Government has clarified that the buzz around the goat payment as fees is a sign that most Zimbabweans failed to understand the context of the noble cause by the ministry which seeks to clear the parents debts to most schools since government adopted a stance that no school children should be chased away from school for failure to pay fees.
Primary and Secondary Education Minister Dr Lazarus Dokora was recently quoted in the media saying government is formulating a policy framework where parents can settle their children’s fees by using goats as a form of payment triggering a serious backlash from the social media as people took turns to create jokes around the matter.

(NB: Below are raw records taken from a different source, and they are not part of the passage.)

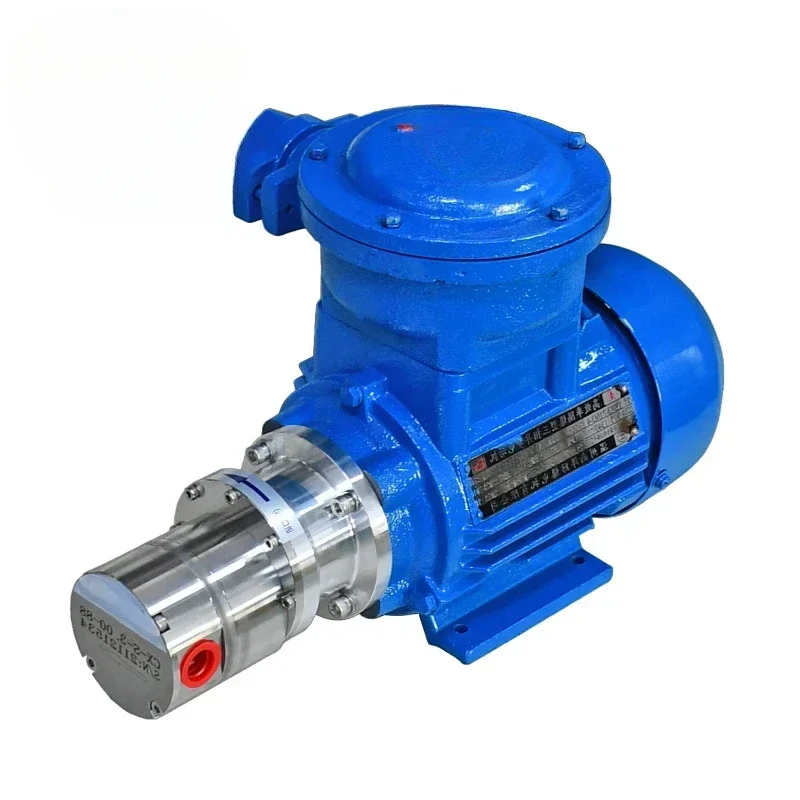 Sanitary Stainless Steel Gear Pump Explosion Proof Chemical Pump for Industrial Use Hot Sales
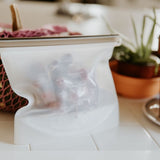 Silicone Zip Lock Food Pouch Bundle - 4 Sizes - Rear View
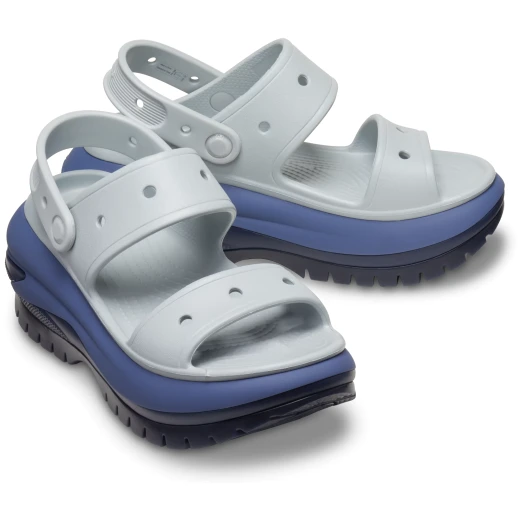 Crocs Women's Classic Mega Crush Matte Sandal Blue Platform 41 42 Featuring Enhanced Rubber Tread, Two Strap Upper, Secure Backstrap and Customizable with Jibbitz Charms - Crocs - Image 3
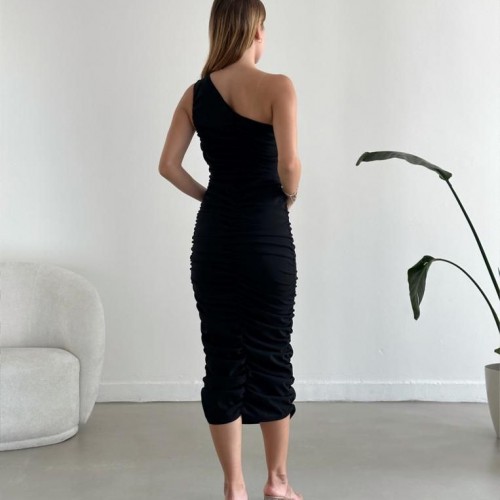 177723 TOPTAN SİYAH ABİYE toptan bayan giyim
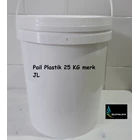Versatile plastic pail or plastic bucket or brand Jl 2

Permanent Secretary in the Ministry of Primary and Secondary Education Dr Sylvia Utete-Masango however told ZBC News that the satire around the whole matter is a sign that people failed to understand the noble concept which could be the answer to schools being owed fees by parents.
“I must say people sometimes tend to laugh off at some serious issues without getting to understand the real meaning of the context behind the proposed policy. Look, a number of parents simply owe these schools and we are simply saying they can provide expertise and set off some of their debts. They can as well look around their environs by selling goats and cattle to set off such debts and it’s no laughing matter as most schools are now incapacitated because of these debts,” she said.
Since the government adopted the policy that no school children shall be sent away from school as a result of failure to pay school fees, a number of schools are now being owed thousands of dollars making their day-to-day operations very difficult.
On the progress on the new curriculum which initially faced some serious resistance from churches and some quarters of the society, Dr Utete-Masango says meetings and training of several stakeholders by her ministry and development partners have yielded some positive results in the first quarter of the implementation stage.
The Ministry of Primary and Secondary Education has come up with a new curriculum that has seen children as young as four years being adopted in the mainstream education with students in primary education now expected to learn vocational training studies in a bid to identify one’s talent whilst they are still young.